I sit here far enough away from my "friends" to be alone, yet close enough to drive (should i ever get the inclination to do so) 
6 hours is a long drive my friends.
Some days its hard to separate my Spokane self from my Pouslbo self.
I still expect to see people I know when I go around the corner or shop at the Albertsons by my apartment
kinda sad huh?

Wednesday, April 9, 2008

talkings...

right...

so i have been contemplating things a lot lately...

(though its not like the rest of the time is spent in a blank stupor...)

Ive been wondering if maybe the boy and i have just stayed together out of habit.. and if so, what do we do?

i know its not a one sided street here... and there are some things that came to mind last night that i hadn't even thought about before.

Before last night, i was Sure that when we had this talk, that I've been meaning to have for some time, it would end as a break up... but now I'm not so sure.

I didnt realize that maybe my not "opening up" hurts him as much as him pushing me away (usually in a literal sense) hurts me.

and lately it seems as though he has been trying to make an effort to talk to me, to get past these things...
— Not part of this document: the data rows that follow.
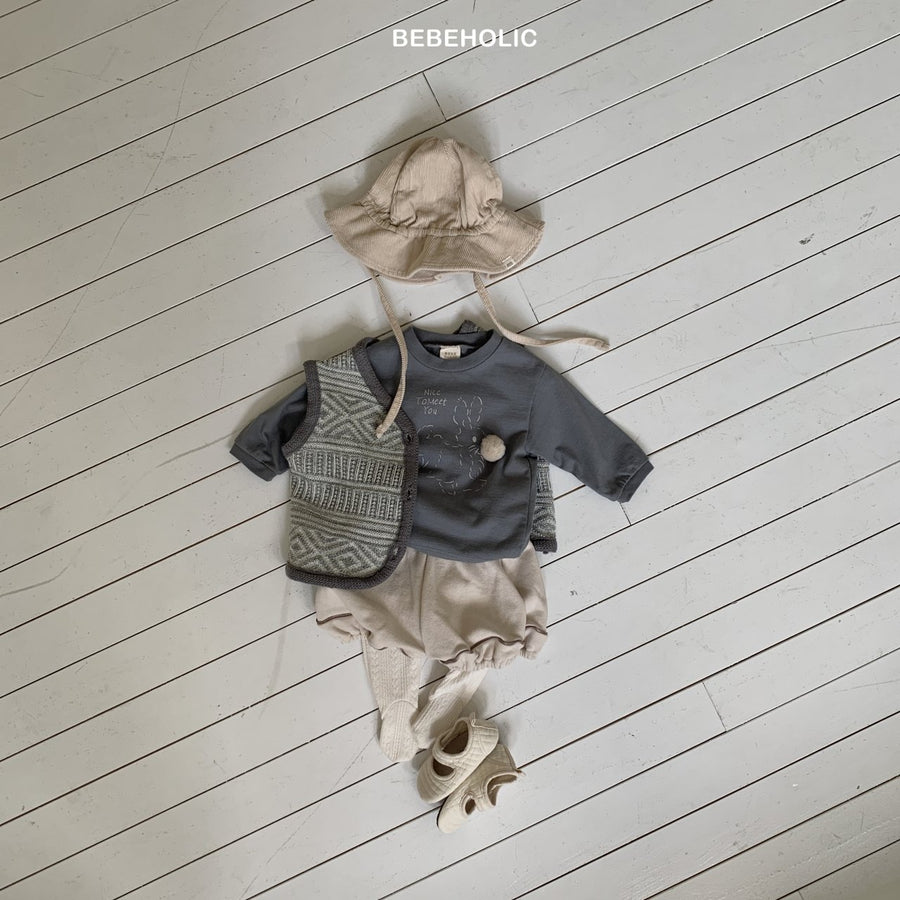 【bebeholic】 Rabbit bangwool T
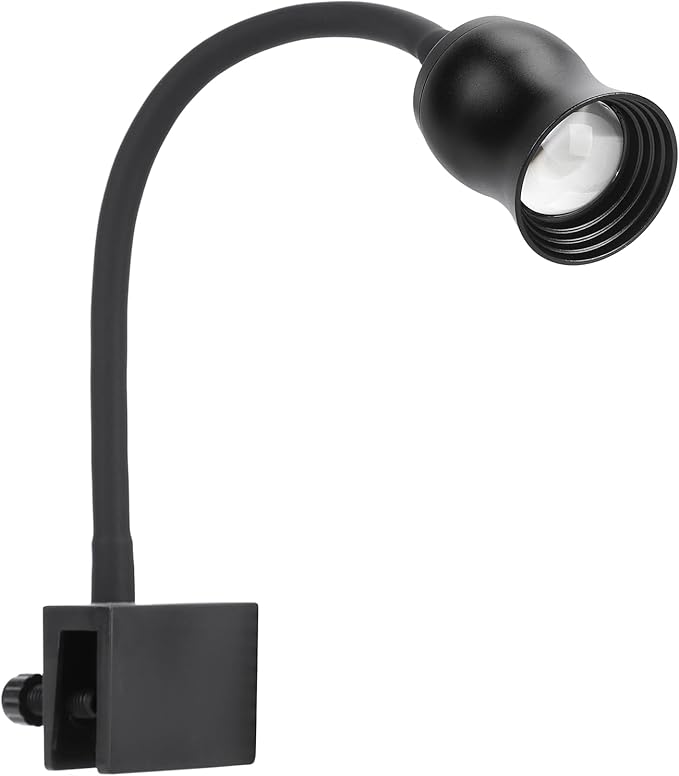 Aquarium Focus Light for Open Fish Tank Indoor LED Light Big Clip Lamp Adjustable Focus (White-Yellow with Timer)-PawvioPets
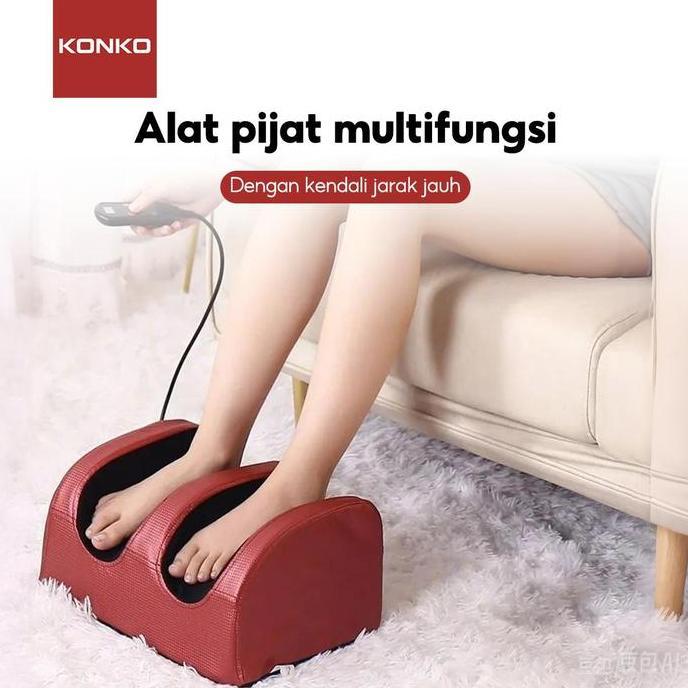 KONKO Alat Pijat Kaki  pijat betis Mesin Pijat  Alat   Pijat elektrik Refleksi Kaki Tubuh  Leher Get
what if it was really just me?

Sunday, April 6, 2008

I want you. Is that so hard?

there are so many things i want to say
stuck in my head, stopped by what you might think...
some days i think i may explode with all that's left unsaid
desires, wants, needs, thoughts brimming over
can you see it?
the burning in my eyes is for you.
i am left untended and trapped in myself.
i feel myself stopping myself from reaching out and touching you like i want to,
fearing you may find it reproachable and inappropriate.
i find myself overfull, gasping for breath, out of room.
the only way i know to communicate whilst so uncertain..
my eyes.
and yet, the things left unsaid
are killing us.
Soon there will be nothing left but a shell
and eyes

Tuesday, April 1, 2008

The Poulsbo Misadventure

It has been a weekend of cramped cars and stress, and I think I am slowly realizing what life will most likely be like once I leave Spokane.

My home, My friends. Everything I'll be leaving behind for my "future"

Do not get me wrong... I am so excited to be going to NCA and to be finally getting the hell out of dodge, but I realize that this is a closing of an era and I recognize with what feels like appropriate apprehension.

Its a Colossal step for me to take, and it would be stupid of me to think its going to be an easy one.

I mean... I'm moving in with my Sister and Tobi (both of whom i love to pieces but let me just say they drive me Insane at points) and trying to strike out on my own for the first time.

But at the same time I'm more excited than anything. We've found the place we'll be living, and I'm pretty sure that Cassi has found where she wants to go to school, I've found a place where they may Actually Hire Me(!) that I'd actually like to work!

Today is our day to drive out towards Tacoma for Cass to check out the campus there and then home. And though it's been a little stressful and a little crazy, I call this trip a success.